The Navy is conservative in estimating how long its new “K” ships may stay out without refueling. Weather and the nature of the mission will have some bearing on that, but if we assume a cruise of 48, 60 or even 72 hours which might be done under favorable conditions and idling the motors, we still cannot expect a crew of men to remain vigilant and alert for that length of time.
Extra men for relief watches can be carried only at the expense of the fuel load. However, if a fresh crew could be sent aboard every 12 hours from a nearby surface ship, along with fuel, ballast and supplies, the blimps might operate for extended periods.
No blimps have done this. The fleet might see no need for them to go out for long periods. However, the possibility has been established, and might be useful in the emergencies of war, or accident. While the primary usefulness of the blimp lies in the coastal waters, it can go to sea if needed—and stay out—can be used in convoy work or as a listening post.
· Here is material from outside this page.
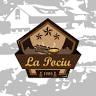 La Pociu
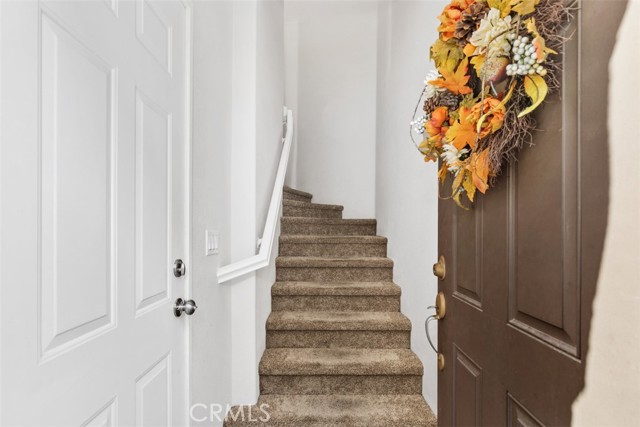 25218 Crest Haven Street #2, Murrieta, CA, 92562 25218 Crest Haven Street #2, Murrieta, CA, 92562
Other improvements were uncovered during the experiments. A sea anchor or drogue was devised to enable the airship to “lay to” for extended periods, without consuming fuel, in case it wishes to use its listening devices against submarines, make repairs or for other purposes. Plans have been worked out for landing on the water in quiet bays in calm weather, utilizing flotation gear, or a three-point mooring to ordinary mud anchors—facilitating servicing from nearby Coast Guard stations.
Perhaps a significant thing about these experiments is that the principles seem applicable as well to rigid airships. The ability to pick up ballast in flight may well eliminate the necessity for ballast-recovery devices, with a substantial saving in cost, and an impressive saving in weight.
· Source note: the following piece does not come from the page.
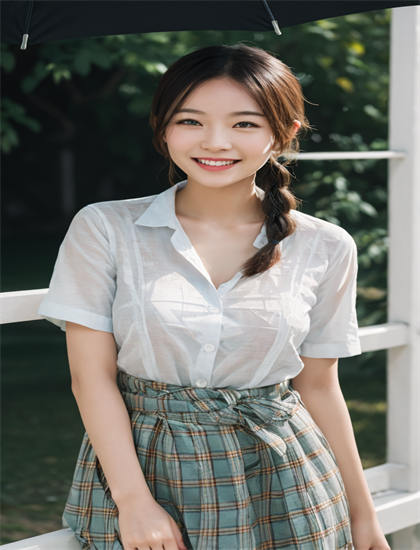 《追捕杀妻犯》技术揭秘：化妆特效如何技术难题的创造性解决 树立行业技术的新标杆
By eliminating the heavy condensers, and translating that weight-saving into fuel, it is estimated that the range of a ship of the Los Angeles size could be increased by 20 percent and ships of the Akron-Macon size by 15 percent, in the last case amounting to 1,250 miles of additional cruising radius.
A trans-oceanic passenger airship could start out with virtually no water ballast at all except a minimum amount for maneuvering, use its fuel supply as ballast and pick up sea water as needed. This could be done at 500 feet elevation, at the rate of 80 gallons a minute, using a 30 horsepower motor, could be done in half an hour a day. The ship need not slow down materially while doing this.
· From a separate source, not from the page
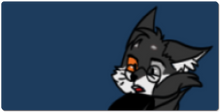 wanderfoxly XXL Gaming Mousepad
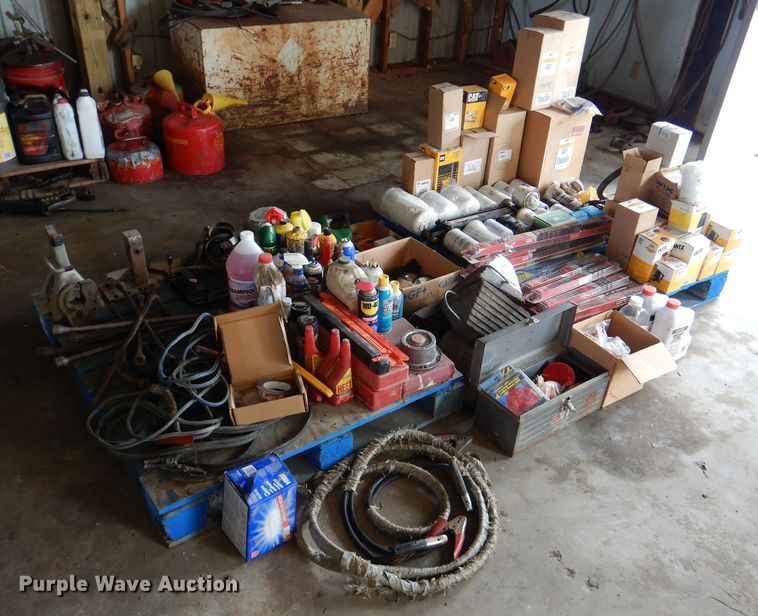 image for item DL3266 Automotive parts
Application of this principle to military airships of the rigid type might be still more significant. The chief use for the rigid airship in war would seem to be as a high speed airplane carrier, whose planes would increase many fold its own reconnaissance range, and would be expected also to do the major part of what fighting became necessary in case of enemy contact. The airship itself in that situation would put more dependence on its speed of retreat and its ability to seek cover in clouds as the submarine does beneath the surface, than on its own machine guns and cannons.
One thing brought urgently home to us in the first weeks of the present war is that oceans are wide, and that the movements of even a huge enemy fleet are difficult to discover in those endless expanses of water.
Large military airships of five or ten million cubic feet helium capacity might prove exceedingly useful, if they were able to operate away from their base for weeks or even months at a time, and they might be able to do this by utilizing devices similar to those developed for smaller non-rigids, resting on the sea in calm waters, mooring to anchored masts they could lower into the water, picking up fuel from tankers, getting supplies from neighboring ships—in addition to what was carried to them from the fleet by their own planes.